Non-B form DNA in centromeres
The obvious plasticity of centromere structure and lack of conservation of centromere sequences has led to the view that centromeric DNA sequence does not matter. Yet Graduate student Siva Kasinathan found that a surprisingly broad range of centromeres and neocentromeres are enriched in the potential to form non-B form DNA. Non-B form DNA regions can be detected by Permanganate/S1 nuclease sequencing27,28. Such partially denatured non-B form DNA regions were found to be abundant in both human α-satellite and mouse major and minor satellites from activated B-cells29. Non-B DNA is has been frequently predicted to form at satellite centromeres from many eukaryotes29-36. A form of non-B DNA that could account for its detection in activated mouse and human B-cells is cruciform extrusion, promoted by short (<10 bp) dyad symmetries.
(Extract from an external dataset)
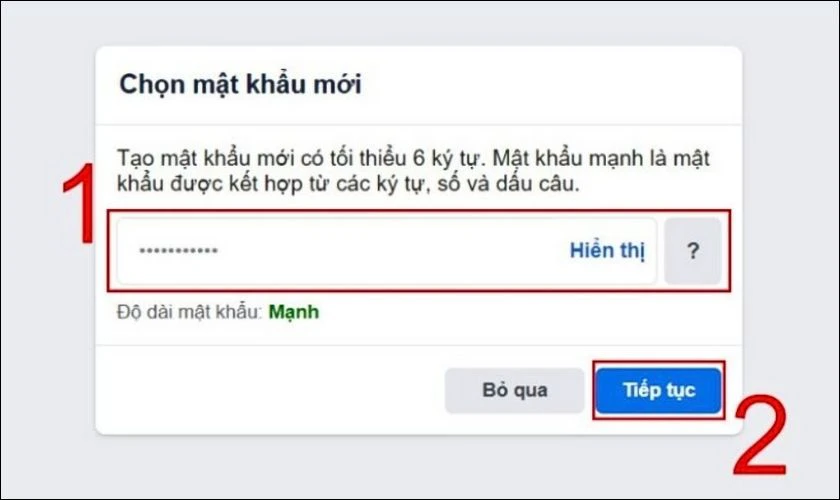 Nhập mật khẩu mới v&agrave; nhấn Tiếp tục để ho&agrave;n tất quy tr&igrave;nh kh&ocirc;i phục t&agrave;i khoản của bạn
Significant dyad symmetries are widespread at centromeres throughout the eukaryotic domain, including satellite centromeres of primates, mouse, horse, chicken, stickleback, and plants, regional centromeres of fission yeast, and point centromeres of budding yeasts29. Interestingly, non-proliferating (“resting”) mouse B-cells showed reduced levels of centromeric non-B DNA, which is consistent with the possibility that proliferation induces cruciform extrusion for “seeding” centromeres.
Although the mechanism whereby non-B DNA forms at centromeres is unknown, two hypotheses have been proposed29. One is that the 4-way junctions of cruciforms are bound by Holliday junction binding activity of HJURP and its Scm3 ortholog in yeast, whereupon HJURP would load CENP-A/H4. Alternatively, non-B DNA might result from transcriptional initiation, where melting of DNA is required for engagement of Pol II, and from Pol II elongation, which moves the denaturation bubble forward. These hypotheses are not mutually exclusive, and in both cases the enigmatic CENP-B sequence-specific DNA binding protein likely plays a role. Centromeres that are not predicted to be enriched for non-B form DNA, such as our own, may have DNA-binding proteins like CENP-B or Reb1 that induce sharp bends in DNA, which may serve the same function of initiating non-B form DNA to relieve the stress of accommodating a 60° bend in the DNA. Given the enrichment of non-B form DNA at centromeres throughout the eukaryotic domain, it seems likely that this feature of centromeres can provide a basis for centromere specification despite the lack of primary sequence conservation. The ability of centromeres to support non-B form DNA may be an evolutionary constraint on them, quite independent of centromere drive.
We continue to be intrigued by the diversity and evolution of centromeres and pericentric regions, and our application of powerful epigenomic tools described here should allow us to gain insights into what has long been considered an intractable problem.